Figures from the defense ministry released at the conference showed that sea police and border guards in 2013 seized more than seven million liters of oil, more than 21 tons of petrol and 15,000 tons of ore smuggled.
“If we ask local police officers about smugglers in their area, would they know? Sure they know it all,” Phuc said.
“So from now on, for any place that allows smuggling and commercial fraud to go on for a long time, the leaders of the [local] government and police agencies have to be held responsible.”
He ordered authorities to immediately publish information about any and all cases if fraud in local media once it is exposed, “so there’s no doors left for bribery as an escape route.”
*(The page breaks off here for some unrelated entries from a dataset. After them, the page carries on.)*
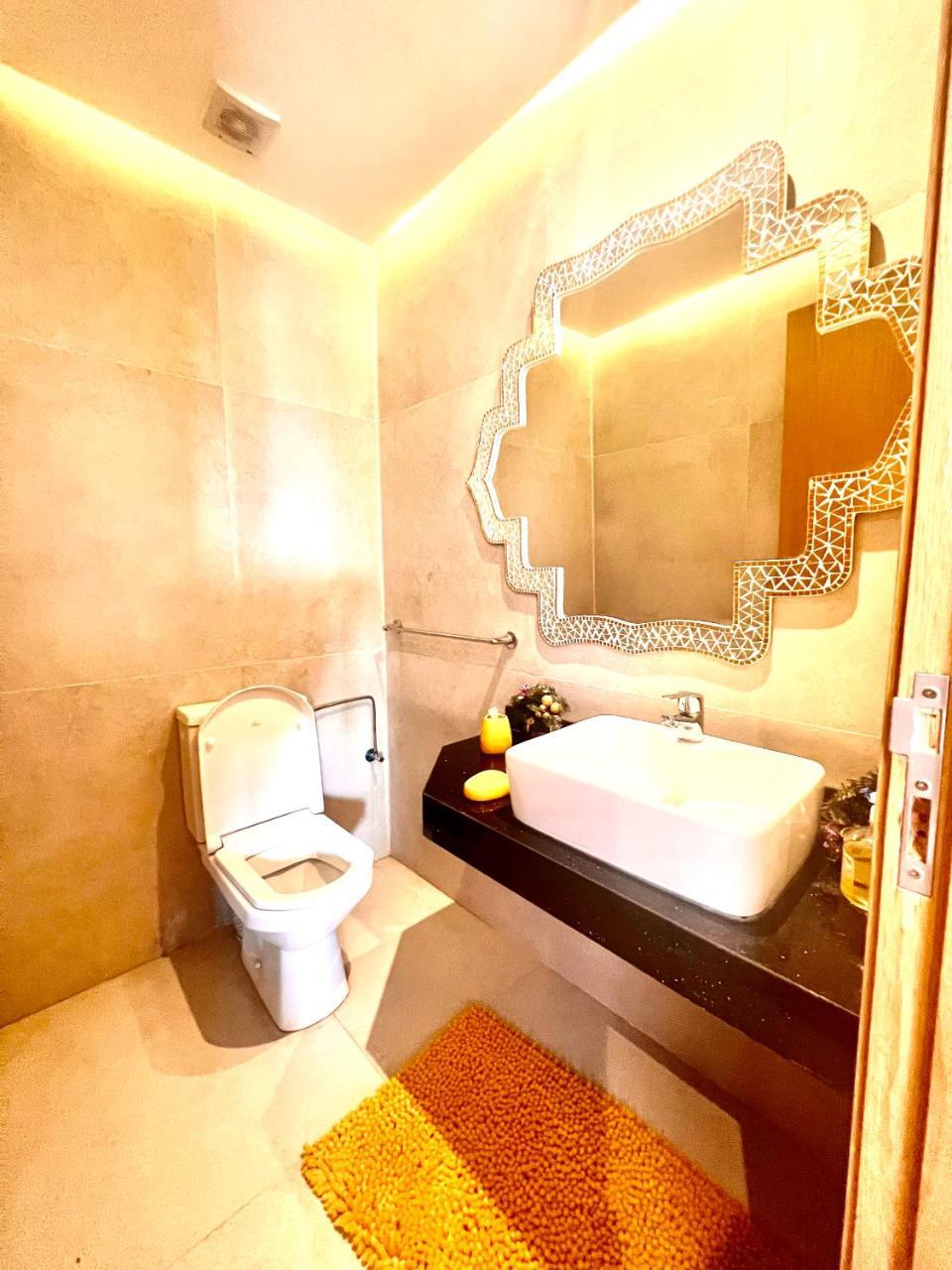 Sabor Family Aparts Jawharat Al Atlas 1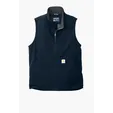 Carhartt Super Dux Soft Shell Vest — view 5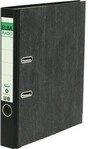 Elba Ordner rado 100555311 DIN A4 50mm Pappe schwarz 120003990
He said police and market managers need to put all smugglers and commercial fraudsters ever busted on a blacklist and submit it to higher authorities for them to keep track of those individuals.
Phuc recently ordered an investigation into rice smuggling across the Chinese border which Thanh Nien reported as rampant, even in the daytime, and ignored by officials.
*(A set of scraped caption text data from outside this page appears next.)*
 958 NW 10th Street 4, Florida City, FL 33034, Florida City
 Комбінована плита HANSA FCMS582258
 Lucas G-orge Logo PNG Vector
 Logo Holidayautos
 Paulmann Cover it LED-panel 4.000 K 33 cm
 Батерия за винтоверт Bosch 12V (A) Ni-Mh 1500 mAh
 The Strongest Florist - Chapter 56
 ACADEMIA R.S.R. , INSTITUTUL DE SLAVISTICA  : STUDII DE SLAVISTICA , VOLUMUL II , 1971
The deputy PM also announced at the meeting that the responsibility of fighting commercial fraud would shift from the Ministry of Industry and Trade to the Finance Ministry.
The commercial fraud prevention committee has also been upgraded from one led by the trade minister to a national steering committee led by Phuc.
He said the former ministry has complained that it is not properly equipped to prevent smuggled or faked goods. “We have to sympathize that, the market managers alone could not get it done.”
The Finance Ministry meanwhile has important tools – the General Customs Department and the General Tax Department, he said. It will be assisted by the trade ministry, the Ministries of Defense and Public Security.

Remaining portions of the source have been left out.